Betsy invites her into her office, and Elisa follows her to the end of the hallway, up a flight of stairs, and around a corner. They have to duck as they pass beneath an inexplicably low section of ceiling, and then they’re in a little cul-de-sac with three doors. Betsy opens the one on the left and leads Elisa inside.

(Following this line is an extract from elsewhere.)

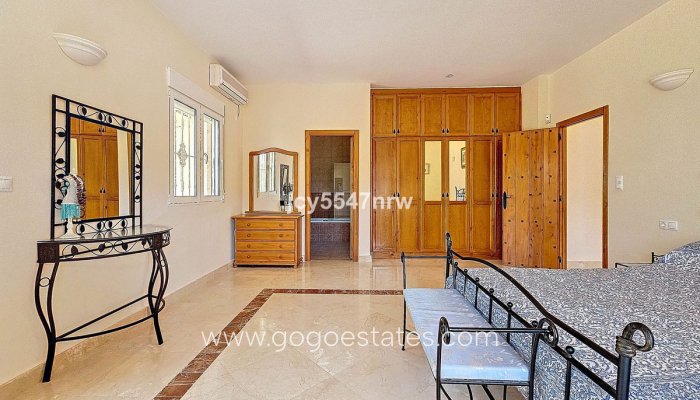 Te koop - Huis - Vrijstaande Villa - Fortuna - Fortuna Centro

The office is intimate, cramped even, but higher than it is broad, with bookshelves on three walls covered with textbooks, papers, and unusual objects: toys, oddly shaped bits of wood, machine parts, circuit boards. The fourth wall is empty save for a tall narrow window. In front of the window there is a green aluminum desk, and, on a filthy Oriental rug, two stained aluminum-frame upholstered chairs. Betsy climbs behind the desk. It bears two laptop computers, a cell phone, and many stacks of books and papers. Elisa sits in one of the chairs, which is familiarly uncomfortable. She says, “How long have you been working here?”

“A year.”

“You’ve really made yourself at home.”

Betsy’s face reddens. “I like to make a nest.” And then, surprisingly, she says, “I’m thirty-two, you know.”